Pada akhirnya, sebuah permulaan pasti akan sampai pada titik akhirnya. Mungkinkah ini titik akhir tersebut? Akhir dari sebuah permulaan yang terasa terlalu begitu cepat....
Tak pernah terbayangkan bahwa akan secepat ini semua keadaan berubah, berubah secara drastis, seperti 180° derajat. Seolah mengakhiri itu semudah membalikkan telapak tangan, tanpa pernah tahu dan memikirkan bekas luka yang ditinggalkan.
Luka yang membekas seolah sudah terlalu dalam menyayat hati. Air mata yang mengalir seolah sudah tak mampu lagi untuk dibendung, mengalir dengan sendirinya hingga akhirnya seolah tak ada lagi yang bisa menetes. Hati dan pikiran yang seolah sudah terlalu lelah untuk saling berdebat di dalam diri masing-masing. Perasaan dan logika.
Kau yang dulu selalu terselip dalam doa-doaku, kau yang dulu menjadi penyemangat hari-hariku, kau yang dulu menjadi pewarna hari-hariku, kau yang selalu menjadi alasan bagi mata ini untuk selalu mencari keberadaanmu di tengah keramaian, kau yang bisa membuat diri ini bangkit di tengah kesedihan, kau yang mengajarkanku untuk lebih dewasa, kau yang tak pernah lelah untuk bertahan dan berjuang, kau yang selalu berusaha, hingga akhirnya kau jugalah yang membuatku menyadari betapa pentingnya arti seseorang dalam kehidupan.
Namun, semua sudah berubah, sudah tak sama lagi seperti dahulu. Seperti tak ada lagi yang perlu dipertanyakan, tak ada lagi yang perlu dipertahankan, tak ada lagi yang perlu diperjuangkan...
Seolah sudah pasrah akan kenyataan yang ada. Seolah sudah terlalu lelah untuk memperjuangkan dan mempertahankannya lagi. Seolah memang sudah cukup berakhir di sini.
Kau yang kini sudah menemukan 'dia'. 'Dia' yang kuharap jauh lebih baik daripadaku, dia yang jauh lebih membuatmu nyaman, dia yang nantinya akan jauh lebih menyayangimu. 'Dia' yang hingga saat ini belum aku ketahui kebenarannya. 'Dia' yang terkadang kau bilang tak ada, namun terkadang kau bilang ada. Hingga akhirnya membuatku terlalu bingung untuk menentukan kebenaran. Di saat hati ini sudah mulai percaya dan bahagia bahwa 'dia' tidak ada, namun di saat itulah juga kau seolah tiba-tiba menjatuhkanku yang sedang terbang bebas dengan mengatakan fakta yang ada, bahwa 'dia' ada, seolah dengan cepat kembali merenggut rasa bahagia yang baru muncul sesaat itu. Hingga membuatku tak tahu berkata apa-apa, tak mampu berpikir, dan memilih untuk mundur.
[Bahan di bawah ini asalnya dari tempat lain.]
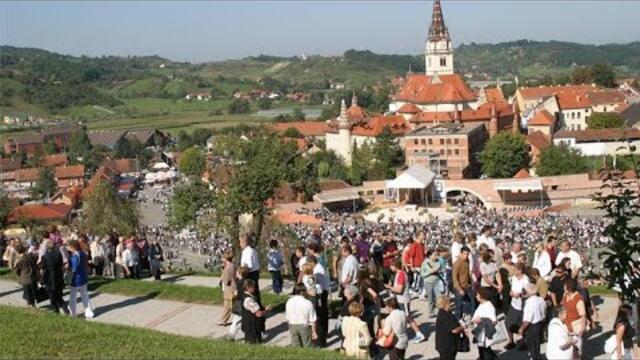 Чудесата на Богородица в Хърватия: Черната мадона от Мария Бистрица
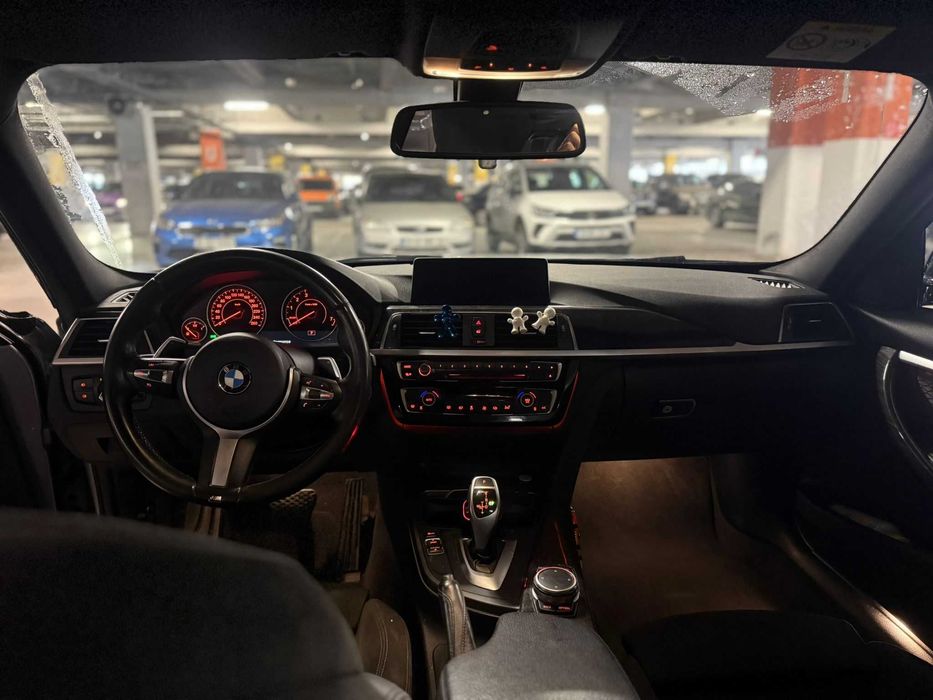 BMW f30 lci mpack  320i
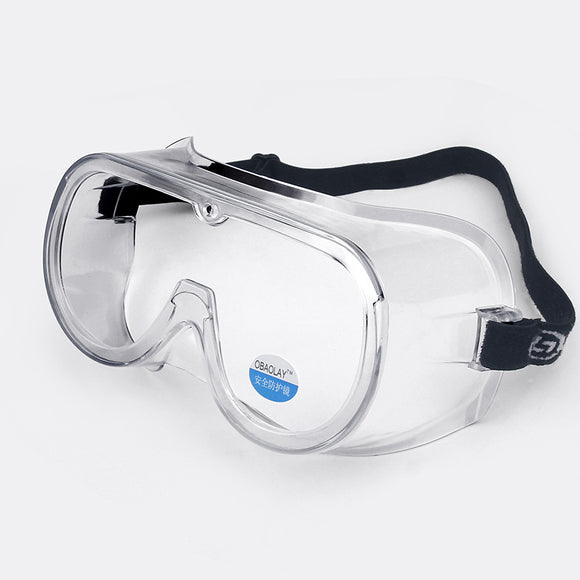 Safety,Protective,Glasses,Indproof,Dustproof,Transparent,Comfortable,Goggles,Healthcare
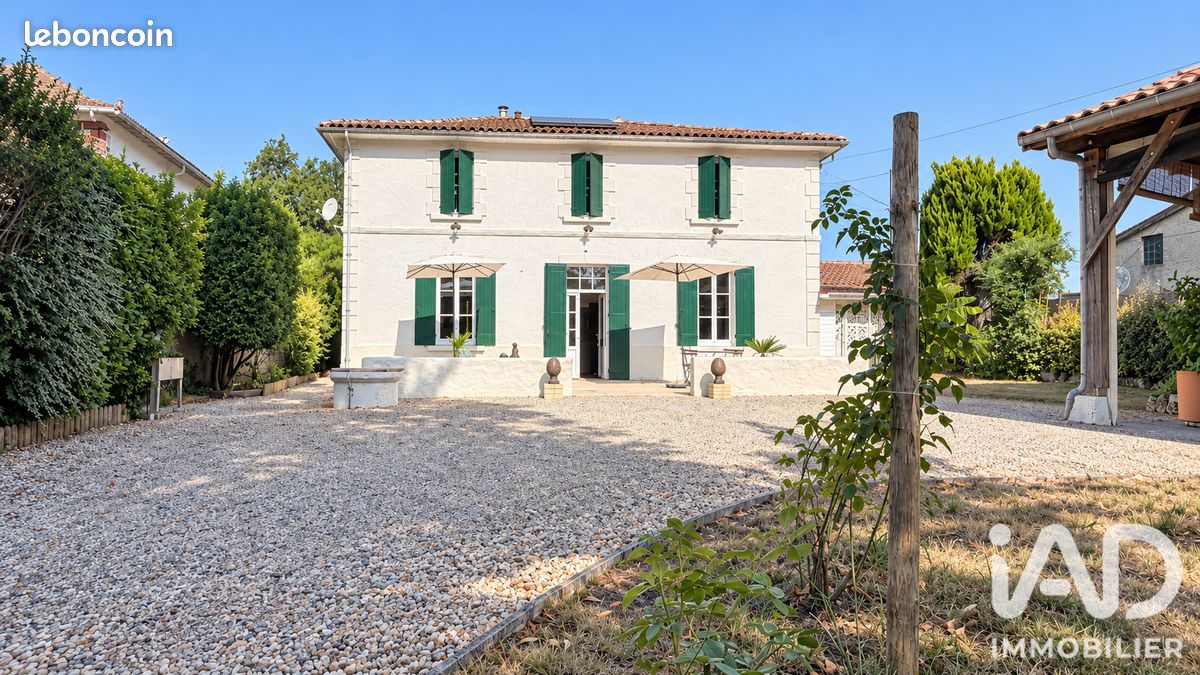 Maison 6 pièces 210 m² · à Mios · 210 m² · 665 000 €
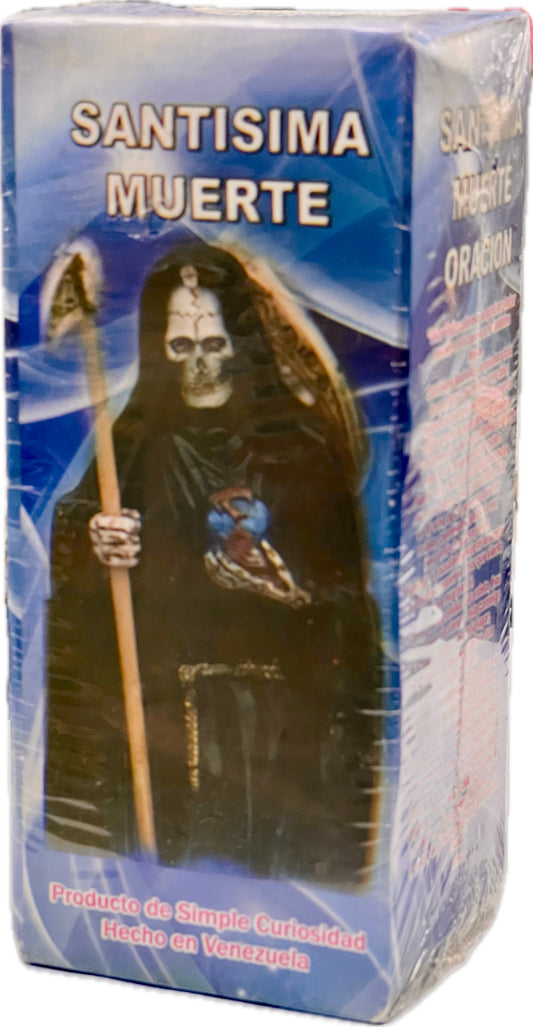 Baño Santa Muerte (Caja)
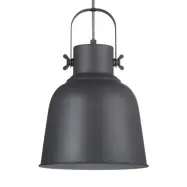 Nordlux - Adrian 25 Taklampa Anthracite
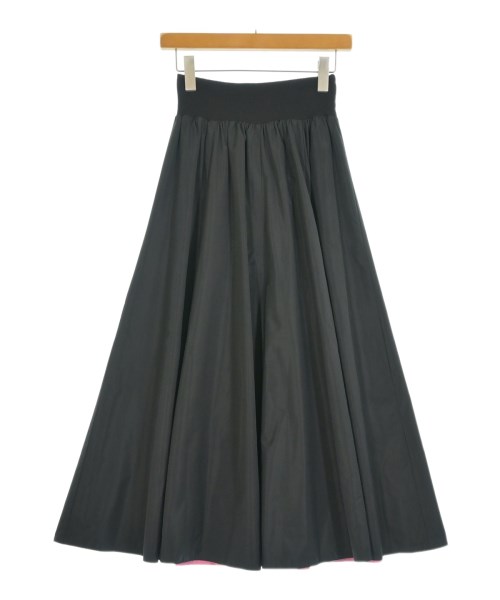 And Couture(アンドクチュール)ロング・マキシ丈スカート 黒 サイズ:38(M位)/2200654206041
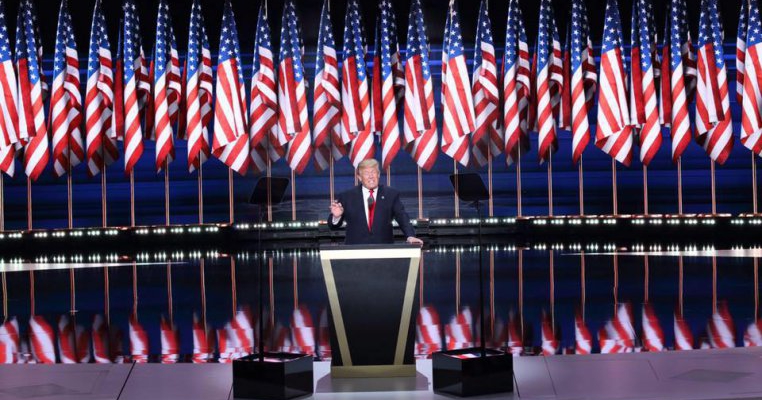 Donald J. Trump este noul președinte al Statelor Unite ale Americii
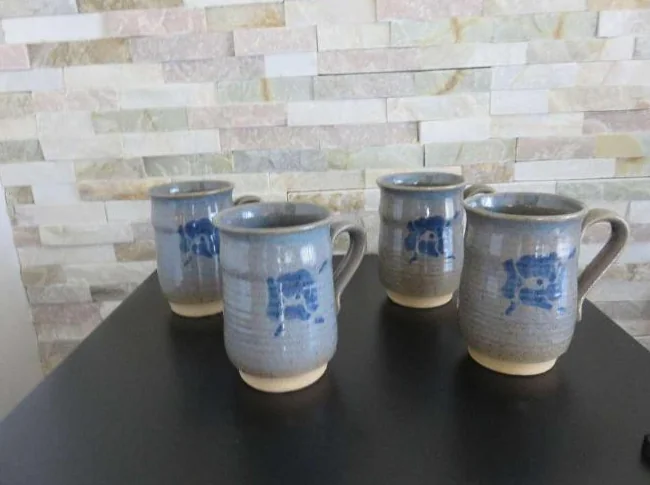 Chopes (bucks)à bière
Memilih untuk mundur. Memilih untuk berhenti menggantungkan perasaan yang masih berharap. Memilih untuk melawan perasaan yang memberontak. Memilih untuk bungkam. Hingga pikiran dan perasaan kembali berdebat dalam diri sendiri. Tak mampu berbuat apa-apa. Tangis? Ya, terlalu cengeng memang.
Namun, aku sadar. Jika ada yang perlu disalahkan, maka akulah orang yang tepat. Aku yang terlalu egois, tak pernah merasakan perasaan orang lain, seolah tak peduli dengan apa yang terjadi. Aku yang memintamu untuk selalu tinggal namun aku juga yang seolah tak pernah menghargai usaha-usahamu. Mungkin kau sudah terlalu lelah dari sekian waktu yang lama, namun aku selalu seolah menahanmu, hingga akhirnya kau tak jadi pergi lagi, seolah kasihan melihat diri yang egois ini.
Kini akhirnya, jika memang ini merupakan akhir dari segalanya, kan kucoba untuk mengikhlaskan, walau dengan berat hati. Perasaan dan pikiran yang tak pernah sejalan. Perasaan yang selalu meminta untuk tetap mempertahankan, namun pikiran yang seolah turut meminta untuk mengikhlaskan walau berat hati. Bukan fisik yang terluka, tapi batin yang tersiksa. Kini kupasrahkan semuanya.
Memulai suatu yang baru? Sepertinya tidak. Aku terlalu takut untuk memulainya kembali. Takut jika suatu taat kembali terlanjur nyaman dan pada akhirnya harus berakhir lagi? Terlalu takut akan menghadapi itu. Serta terlalu lelah untuk memulai sesuatu yang baru kembali.
"Aku tak pernah menghapus kenangan, yang kulakukan hanyalah berusaha tanpamu dan menahan tangis."